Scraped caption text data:
↓↓↓
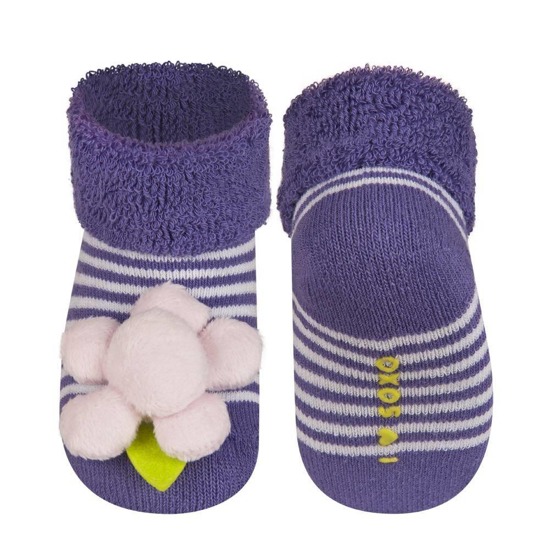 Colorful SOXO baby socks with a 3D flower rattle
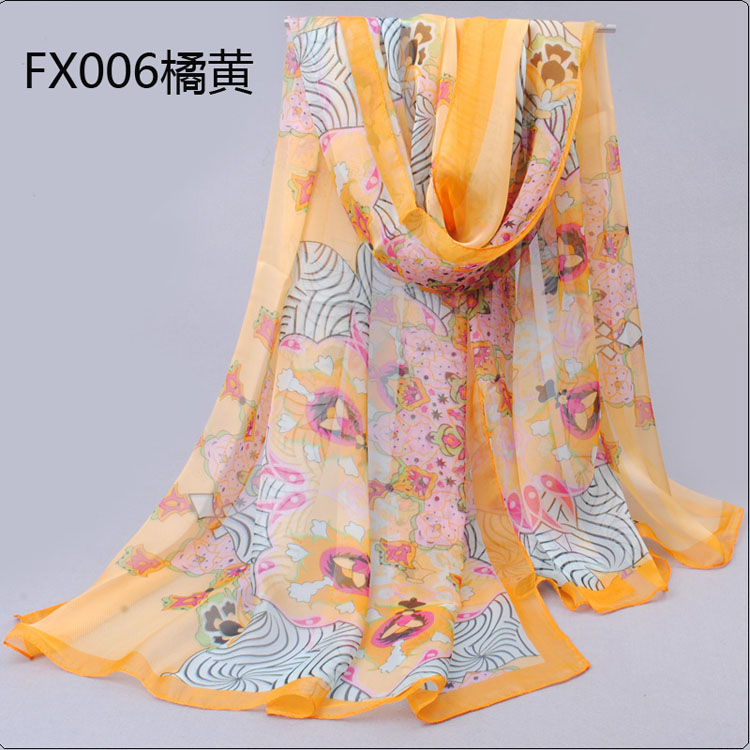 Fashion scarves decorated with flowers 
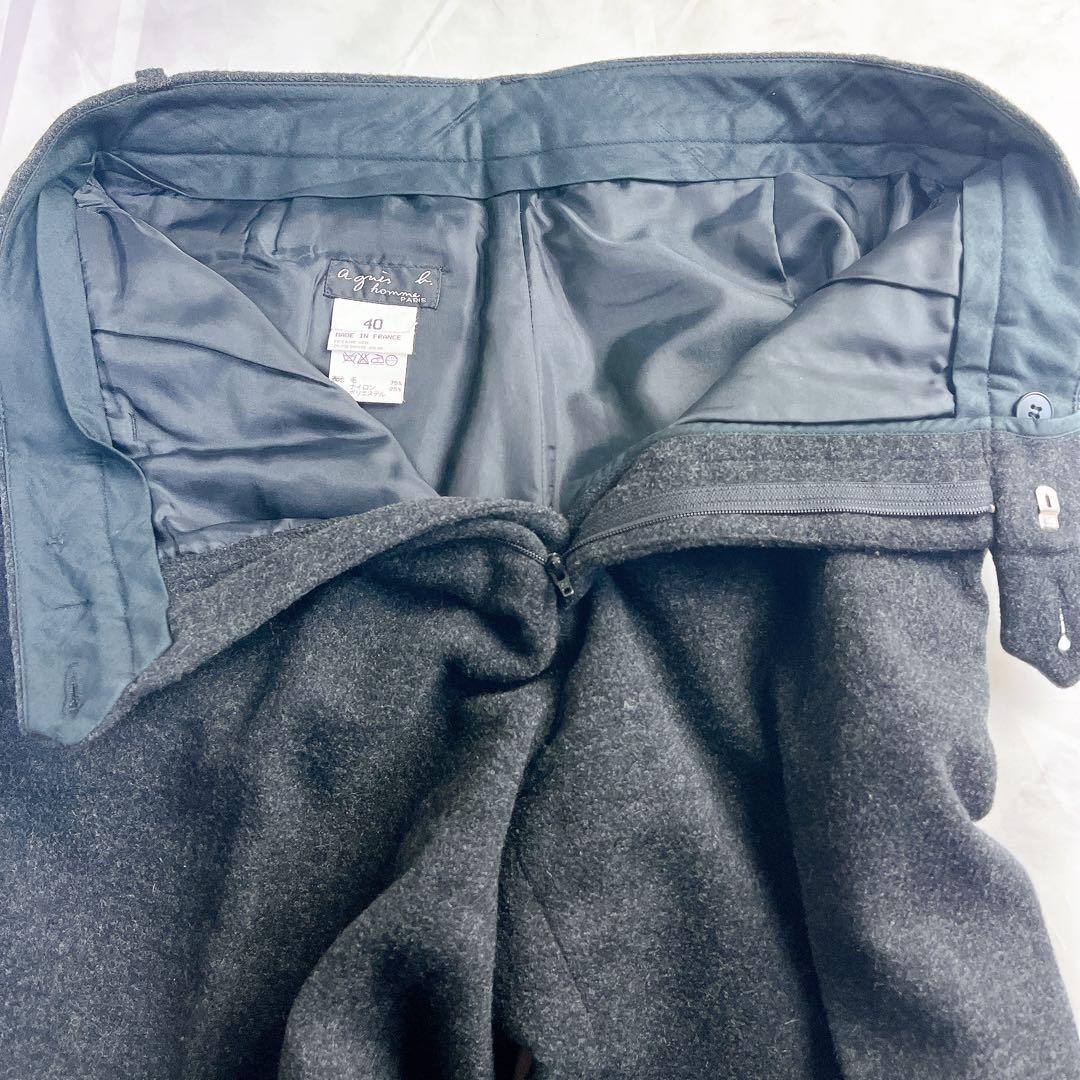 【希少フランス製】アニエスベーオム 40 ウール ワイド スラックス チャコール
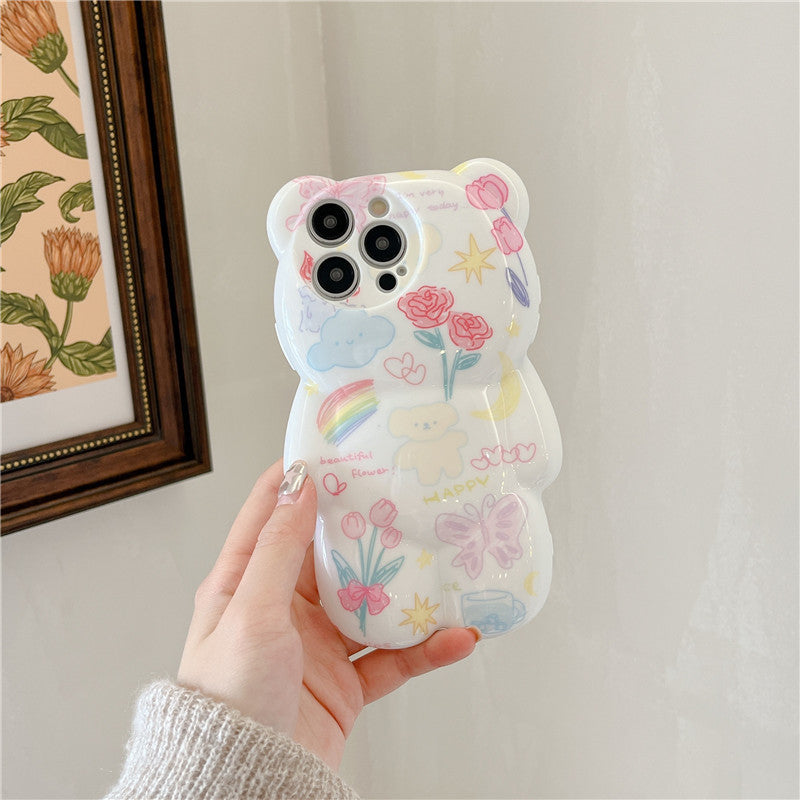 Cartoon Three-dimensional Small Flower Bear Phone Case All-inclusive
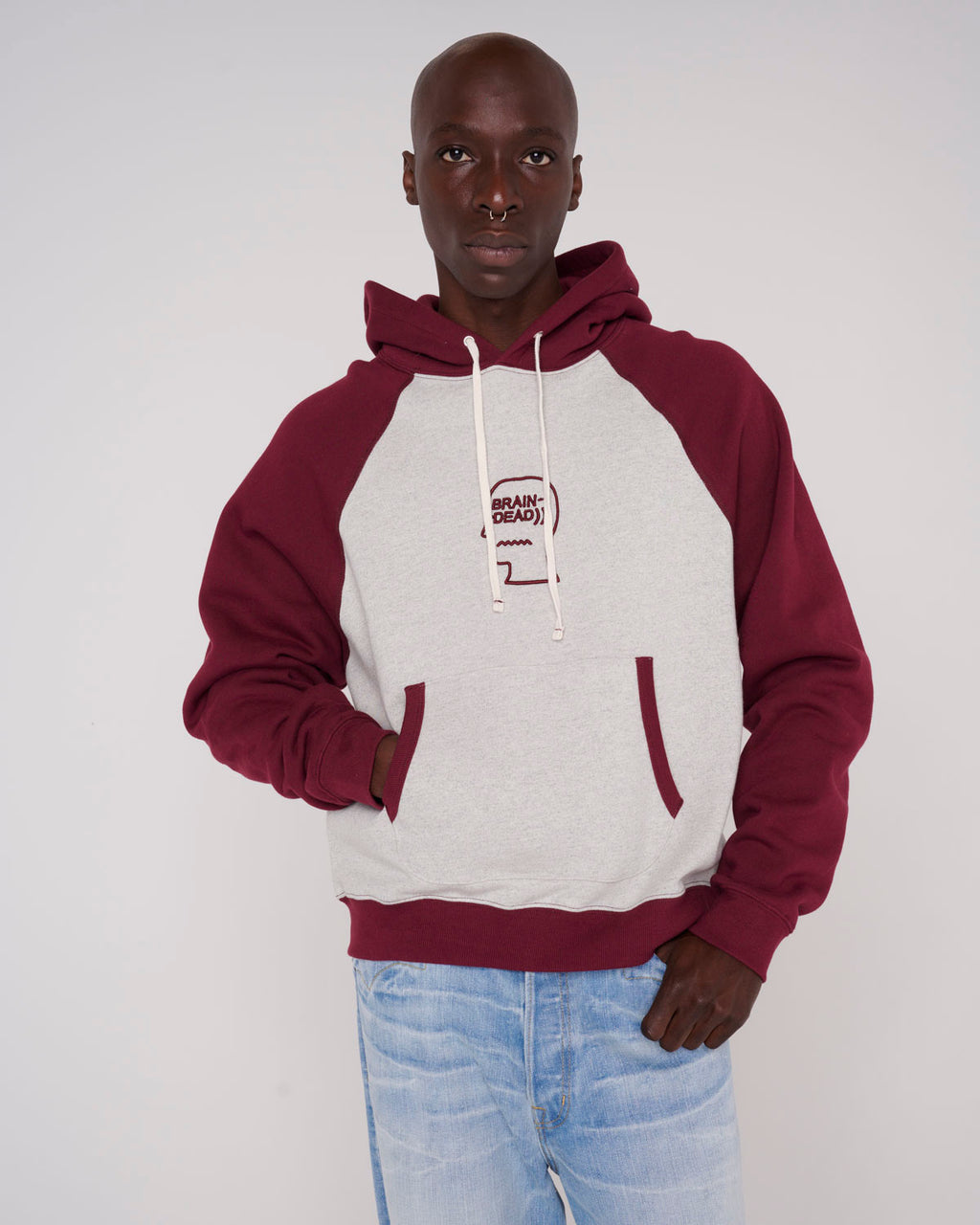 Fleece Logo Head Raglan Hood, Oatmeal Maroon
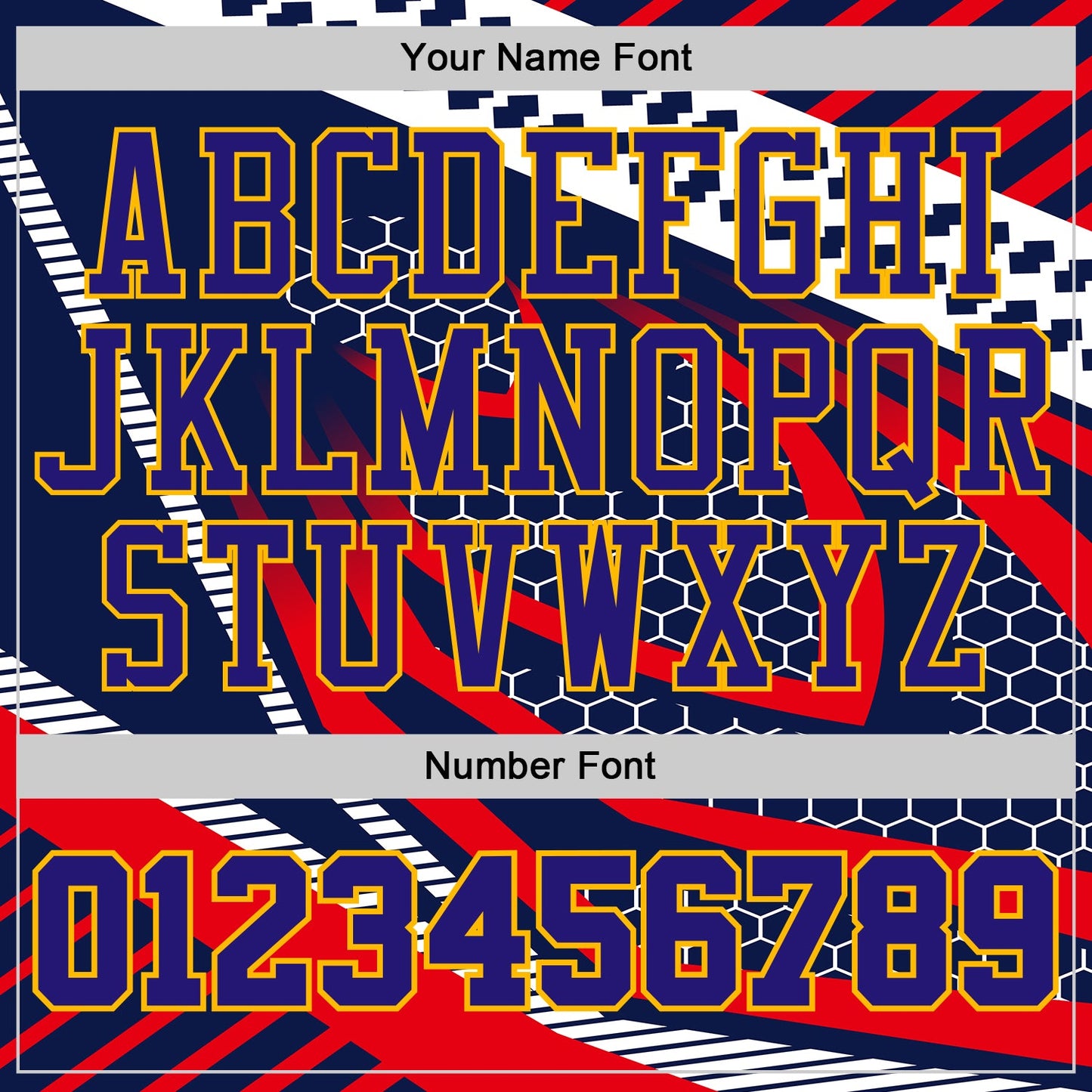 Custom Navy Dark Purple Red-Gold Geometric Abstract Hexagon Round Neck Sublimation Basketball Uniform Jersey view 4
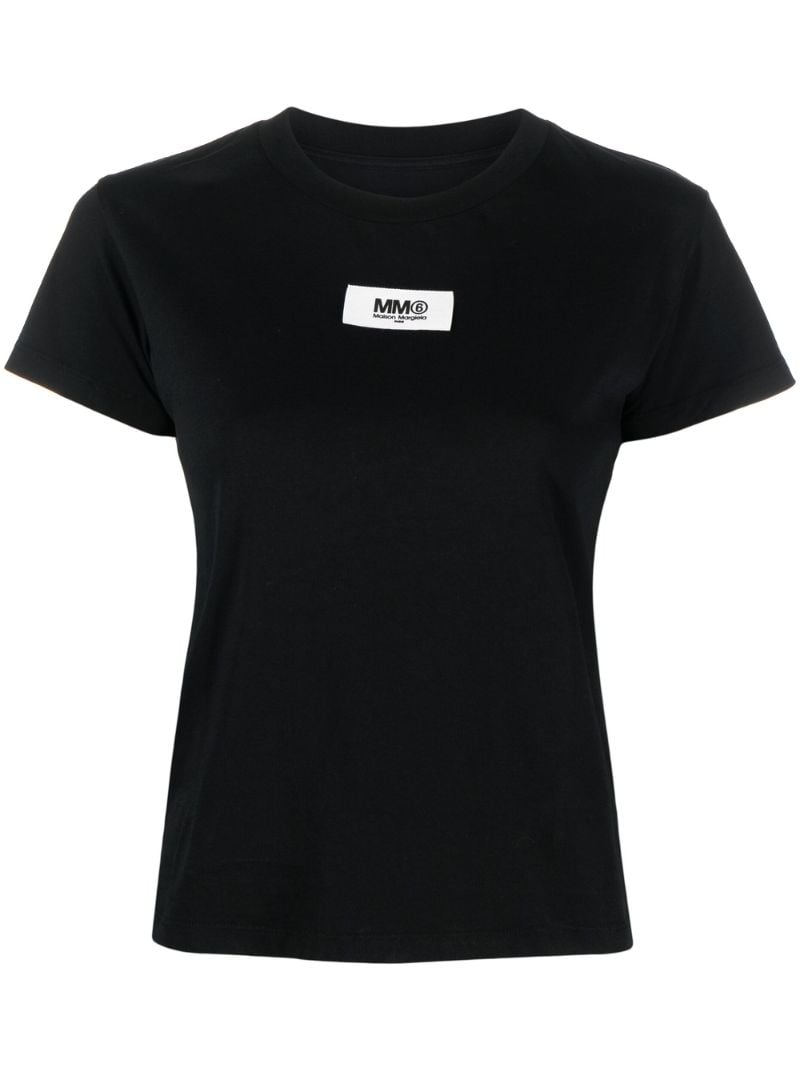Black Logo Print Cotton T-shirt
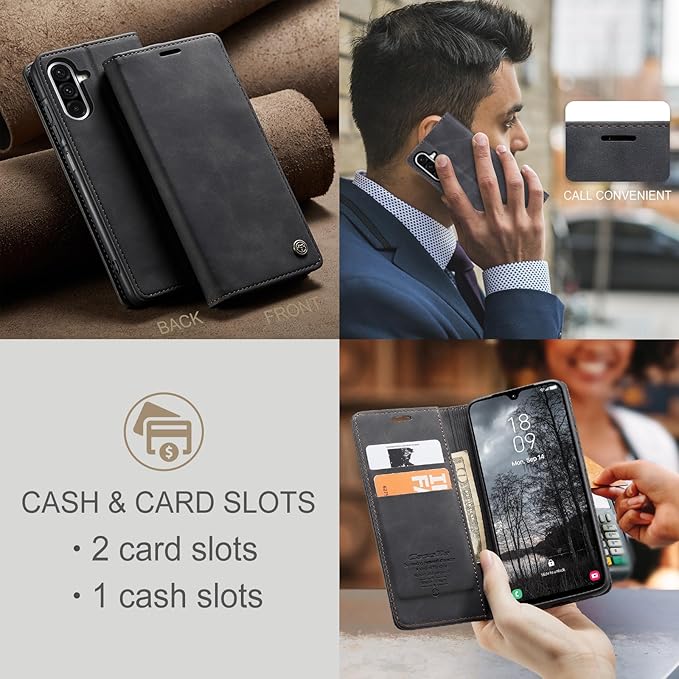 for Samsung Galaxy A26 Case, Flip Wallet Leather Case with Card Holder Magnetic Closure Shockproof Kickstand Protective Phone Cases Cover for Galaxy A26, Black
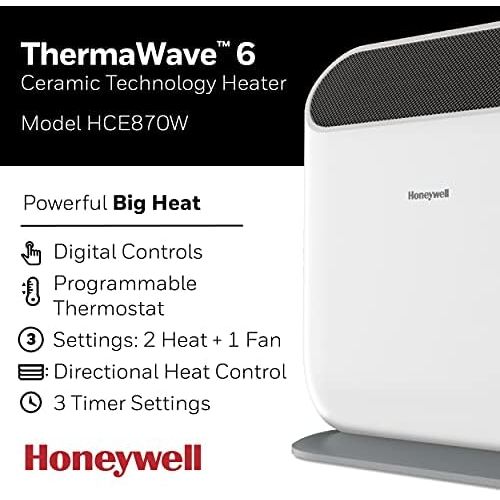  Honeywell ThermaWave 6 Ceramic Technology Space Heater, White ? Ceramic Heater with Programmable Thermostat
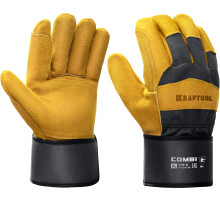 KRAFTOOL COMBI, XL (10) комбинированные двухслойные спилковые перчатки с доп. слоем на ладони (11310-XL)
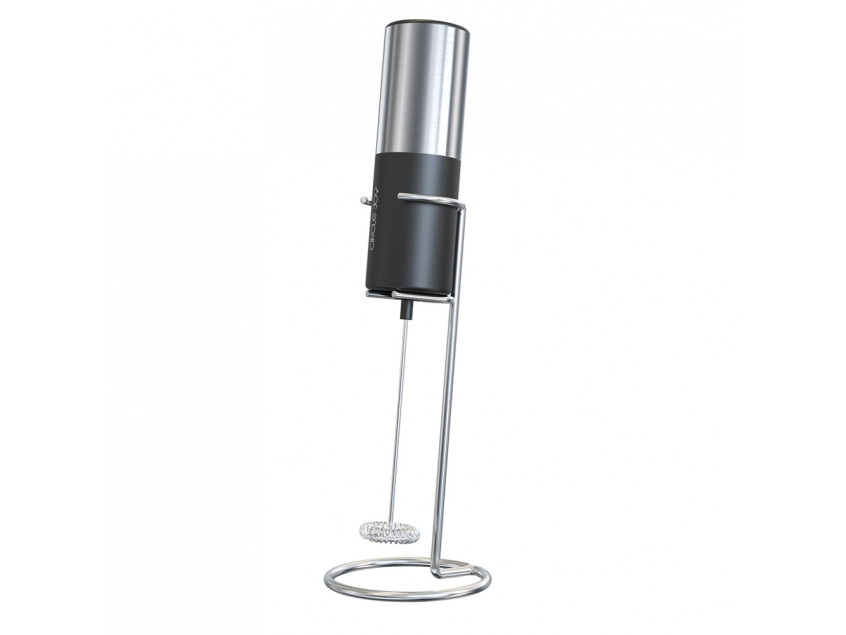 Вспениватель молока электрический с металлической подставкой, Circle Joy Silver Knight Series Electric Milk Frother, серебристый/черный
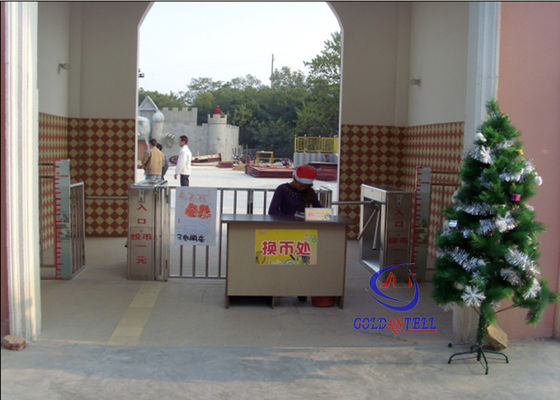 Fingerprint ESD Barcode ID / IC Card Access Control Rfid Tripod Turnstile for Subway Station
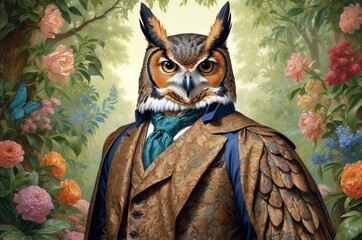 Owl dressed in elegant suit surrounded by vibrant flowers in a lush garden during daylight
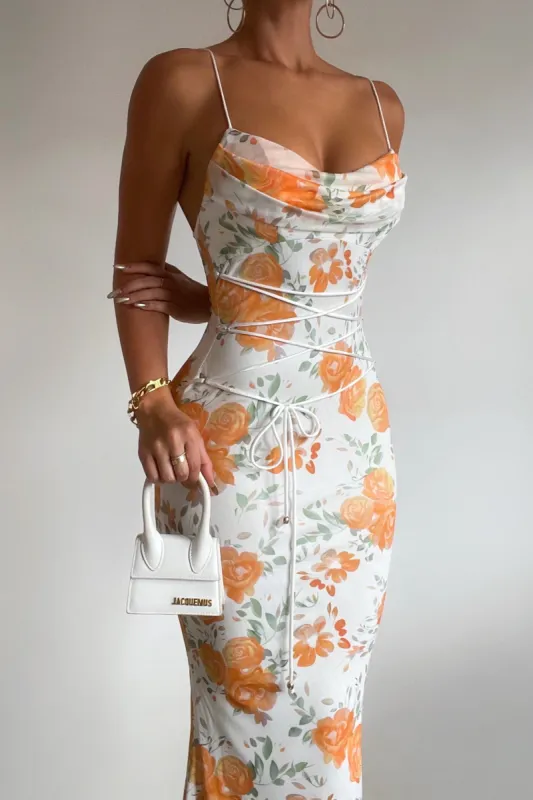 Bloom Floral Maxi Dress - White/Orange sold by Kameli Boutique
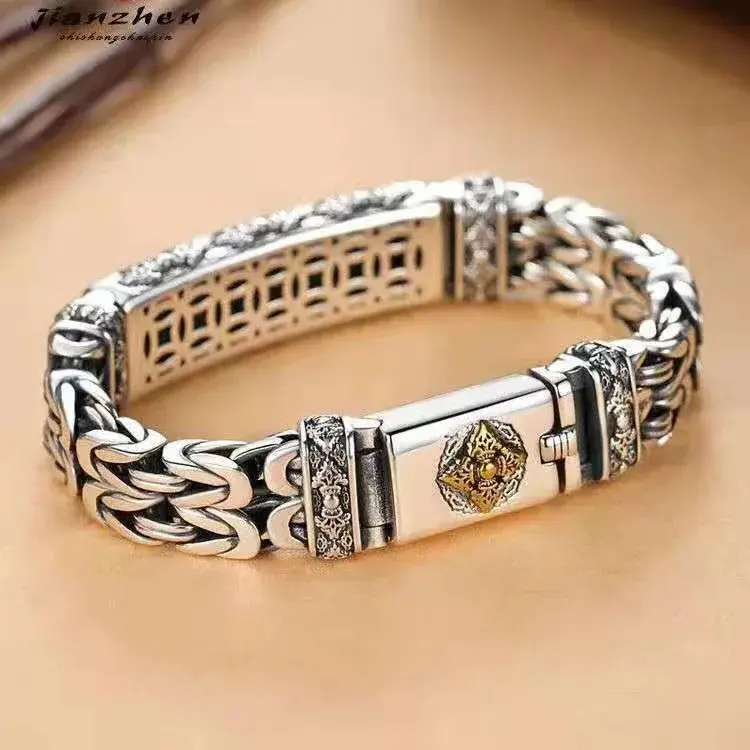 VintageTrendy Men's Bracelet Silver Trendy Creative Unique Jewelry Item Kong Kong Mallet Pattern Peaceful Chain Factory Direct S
↑↑↑
Skip the pictures and retype exactly the lines from the one that contains "Fingerprint ESD Barcode" to the last line of the records.

 Fingerprint ESD Barcode ID / IC Card Access Control Rfid Tripod Turnstile for Subway Station
 Owl dressed in elegant suit surrounded by vibrant flowers in a lush garden during daylight
 Bloom Floral Maxi Dress - White/Orange sold by Kameli Boutique
 VintageTrendy Men's Bracelet Silver Trendy Creative Unique Jewelry Item Kong Kong Mallet Pattern Peaceful Chain Factory Direct S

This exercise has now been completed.